12:3 Considerai, pois, atentamente, aquele que suportou tamanha oposição dos pecadores contra si mesmo, para que não vos fatigueis, desmaiando em vossa alma.
4-13 As provações revelam o amor paternal de Deus para com seus filhos
12:4 Ora, na vossa luta contra o pecado, ainda não tendes resistido até ao sangue
* 12.1 nuvem de testemunhas. Em certo sentido, os leitores estão numa corrida, assistida por uma grande multidão que já a terminou com honras ao mérito. O exemplo deles encoraja os leitores e os admoesta, se porventura tropeçarem.
todo peso e do pecado que tenazmente nos assedia. Entre os pesos que devem ser lançados fora estão o medo que faz a pessoa recuar diante do sofrimento (10.38,39), o desânimo amargurado que contamina os demais através de dúvidas (v. 15) e a sensualidade que procura uma gratificação imediata (v. 16).b
corramos… a carreira. As competições atléticas dos gregos forneciam uma analogia freqüente para a vida cristã no Novo Testamento (1Co 9.24-27; Fp 2.16; 2Tm 2.5; 4.7,8). À semelhança do corredor, o cristão deve estar numa atividade constante que o leva para o final, apesar da oposição.
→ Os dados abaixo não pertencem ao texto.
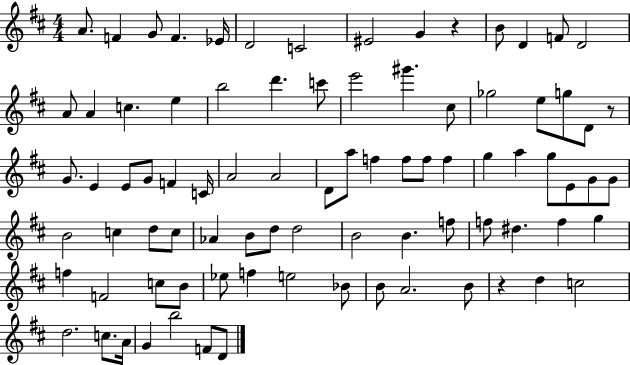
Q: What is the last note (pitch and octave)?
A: D4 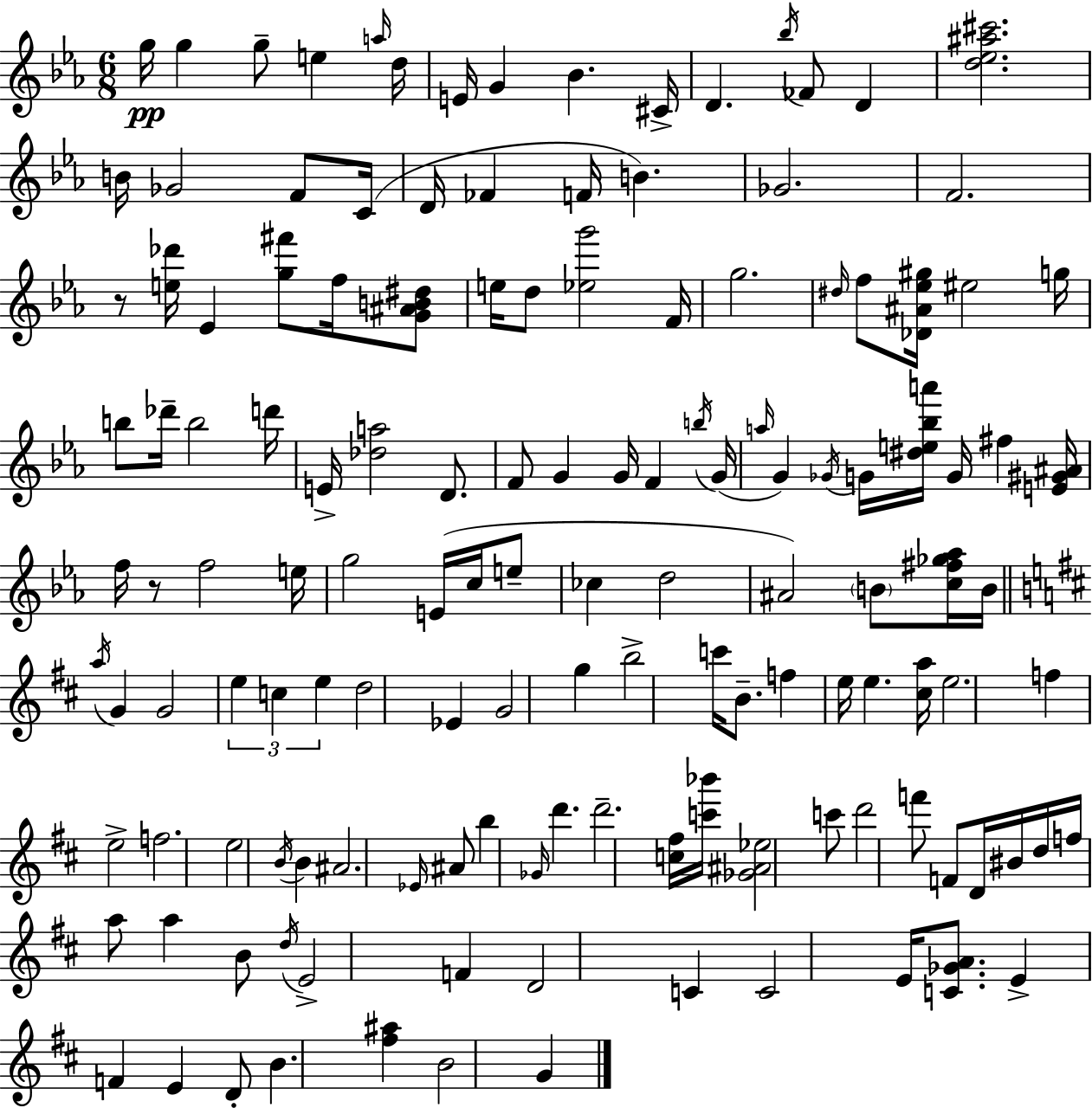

Isso exige perseverança e esforço incansáveis, os quais são adquiridos através de uma disciplina constante.
* 12.2 olhando… Jesus. A nuvem de testemunhas do Antigo Testamento nos inspira, porém, o nosso encorajamento principal se encontra na pessoa e obra de Cristo, que nos precedeu como “o Autor e Consumador da nossa fé” e é o exemplo supremo de fé na carreira (v. 3).
Autor. Ver nota em 2.10.
Consumador da fé. Como “Consumador”, Jesus tem trazido ao alvo final a fé dos que se aproximam a Deus por seu intermédio: um culto agradecido e aceitável na sua presença (10.14; 11.40; 12.28).
da alegria que lhe estava proposta. Jesus suportou a cruz no antegozo da alegria de ser o Salvador de seu povo, depois do necessário sofrimento. No mesmo sentido em que Moisés contemplava o galardão (11.26), Jesus também foi ciente do galardão que receberia.
Embora possível, uma outra interpretação menos provável é traduzir assim: “no lugar da alegria que lhe estava proposta”. De acordo com esta tradução, Jesus escolheu o sofrimento em vez da alegria que teria sido a sua porção, se tivesse recusado a morte e ficado no céu (Fp 2.6), ou, pelo menos, evitado a cruz aqui na terra (Jo 10.17,18; 12.27).
não fazendo caso da ignomínia. A crucificação foi uma forma de morte tão repleta de ignomínia, que era proibido infligi-la ao cidadão romano; ainda mais, os judeus acreditaram que “todo aquele que for pendurado em madeiro” foi amaldiçoado por Deus (Gl 3.13; cf. Dt 21.23).
* 12.3 oposição. À semelhança de Jesus, os leitores também tinham experimentado a oposição de pecadores (10.33).
desmaiando. Uma advertência tirada de Pv 3.11,12 e citada nos vs. 5,6.
* 12.4 até ao sangue. Os leitores já conheceram a perseguição, contudo, nada tão difícil quanto ao sofrimento de Jesus e nem como os registros em 11.35-38. Não está na hora de contemplar uma desistência.